Aim of the exercise — Please repeat every record below exactly as written, but leave out the pictures.

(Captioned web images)
======

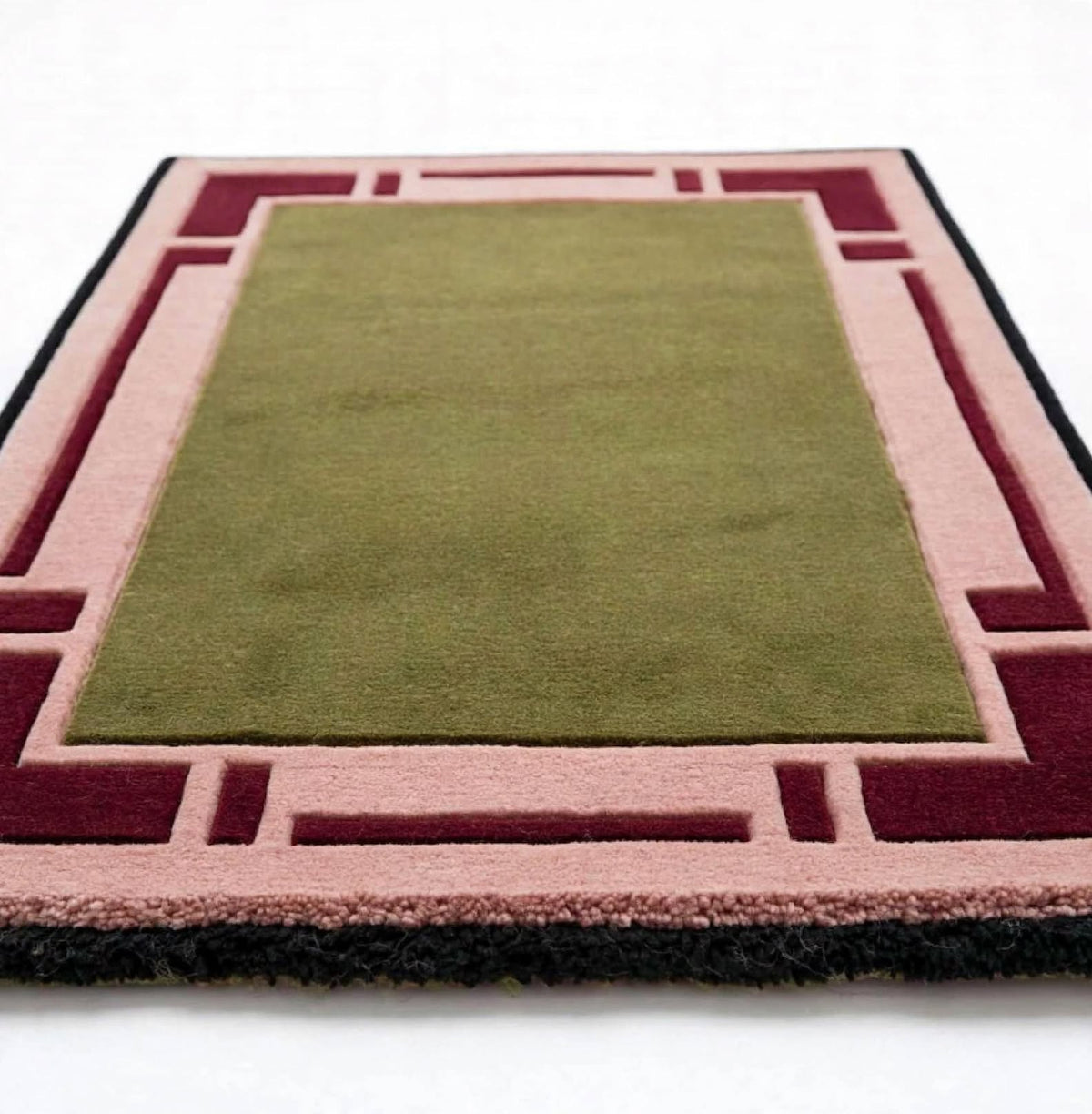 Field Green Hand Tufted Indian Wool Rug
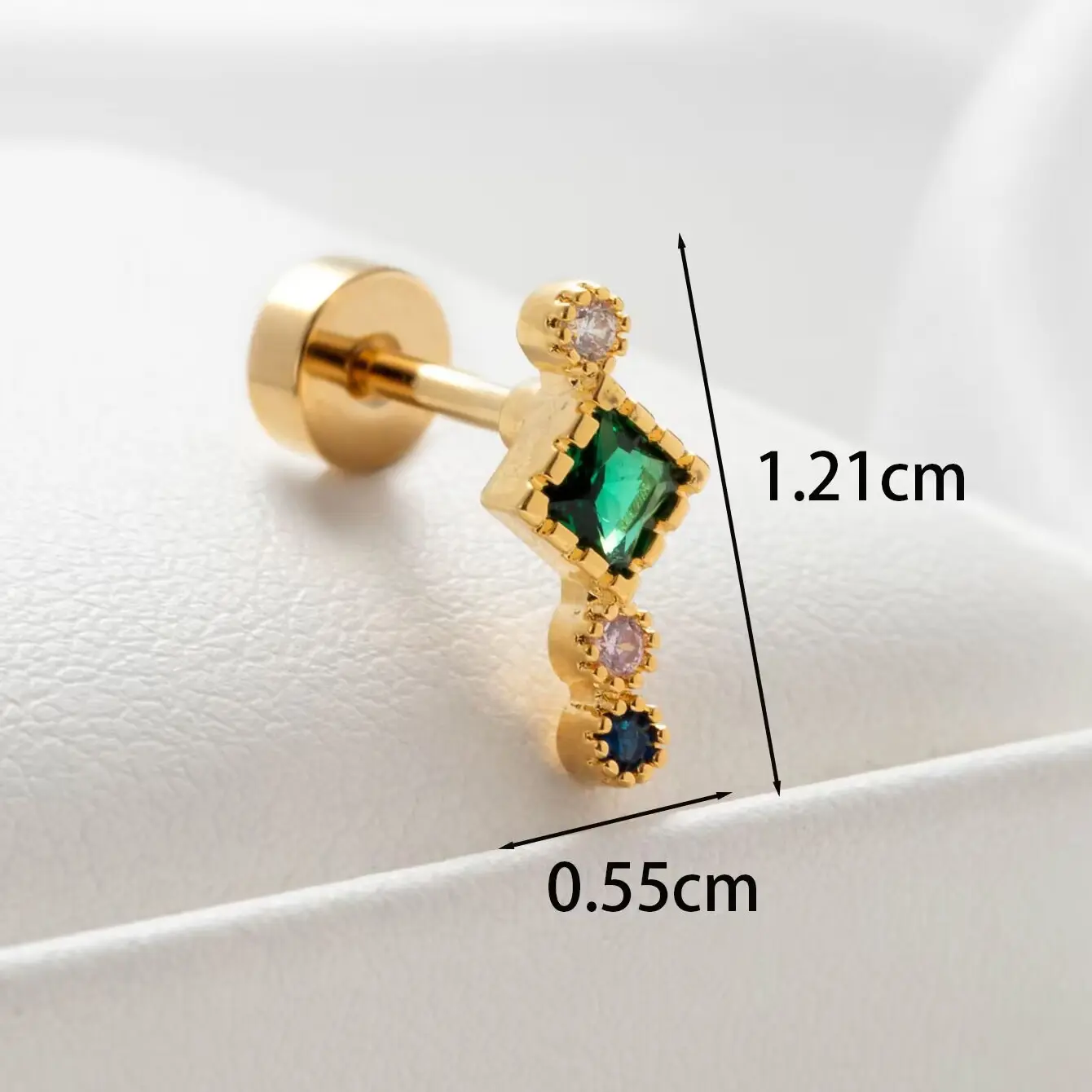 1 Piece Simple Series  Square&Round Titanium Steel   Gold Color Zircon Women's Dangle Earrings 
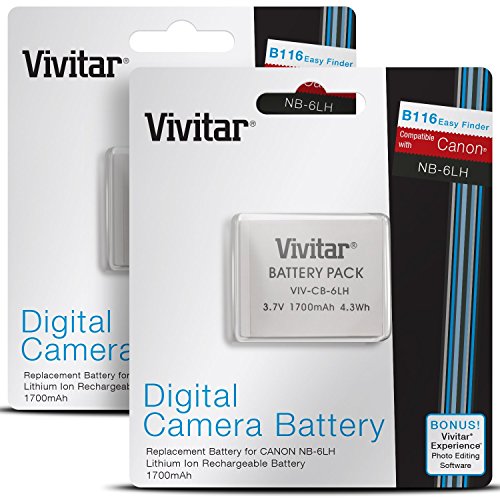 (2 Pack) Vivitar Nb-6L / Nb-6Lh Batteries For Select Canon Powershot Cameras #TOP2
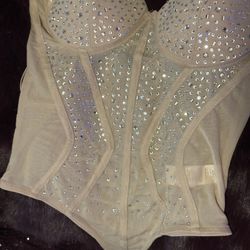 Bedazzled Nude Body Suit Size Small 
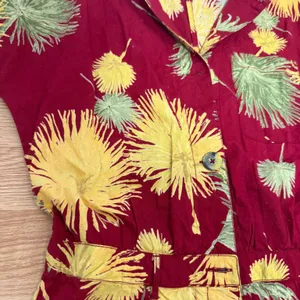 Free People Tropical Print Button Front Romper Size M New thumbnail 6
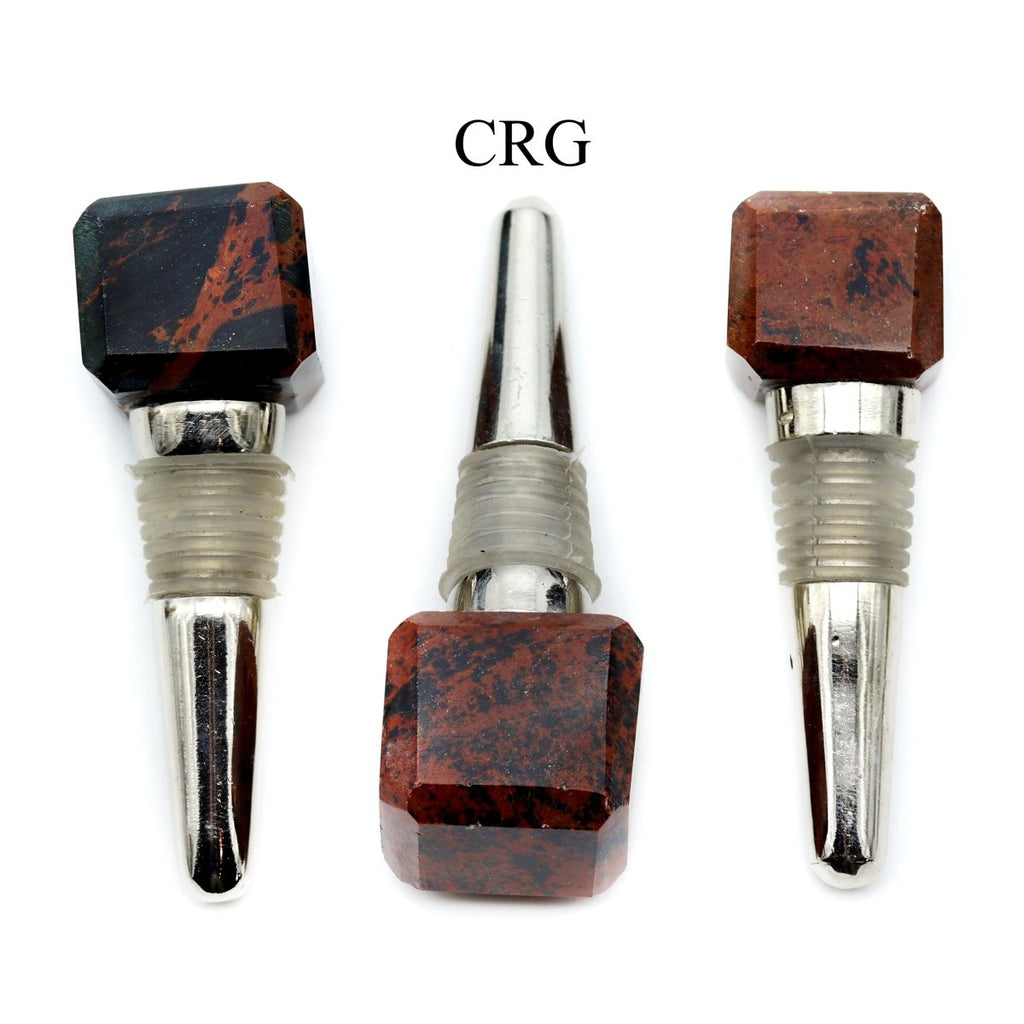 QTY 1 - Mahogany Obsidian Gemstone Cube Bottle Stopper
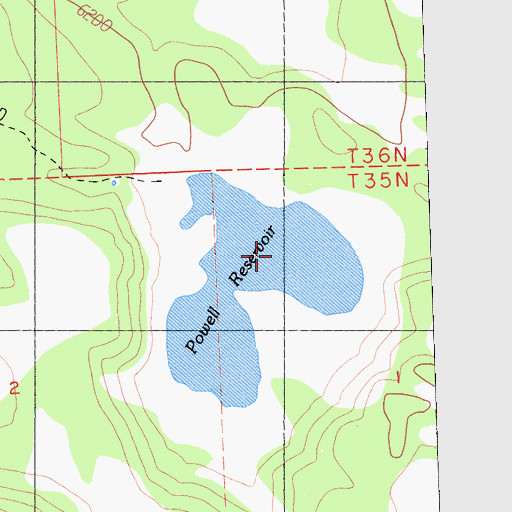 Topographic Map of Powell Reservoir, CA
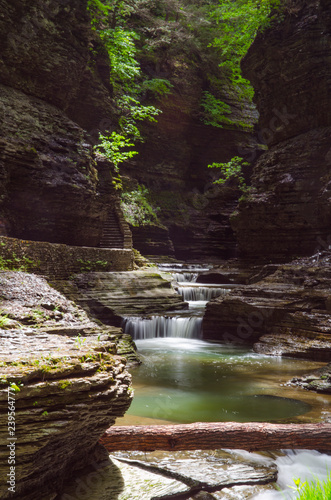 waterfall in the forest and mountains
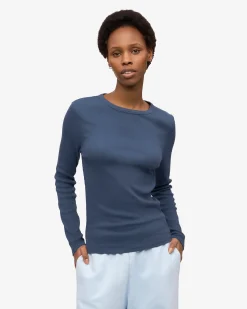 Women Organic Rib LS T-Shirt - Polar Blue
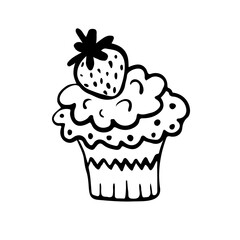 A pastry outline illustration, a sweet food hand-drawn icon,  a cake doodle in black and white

======

Solution below —
 Field Green Hand Tufted Indian Wool Rug
 1 Piece Simple Series  Square&Round Titanium Steel   Gold Color Zircon Women's Dangle Earrings 
 (2 Pack) Vivitar Nb-6L / Nb-6Lh Batteries For Select Canon Powershot Cameras #TOP2
 Bedazzled Nude Body Suit Size Small 
 Free People Tropical Print Button Front Romper Size M New thumbnail 6
 QTY 1 - Mahogany Obsidian Gemstone Cube Bottle Stopper
 Topographic Map of Powell Reservoir, CA
 waterfall in the forest and mountains
 Women Organic Rib LS T-Shirt - Polar Blue
 A pastry outline illustration, a sweet food hand-drawn icon,  a cake doodle in black and white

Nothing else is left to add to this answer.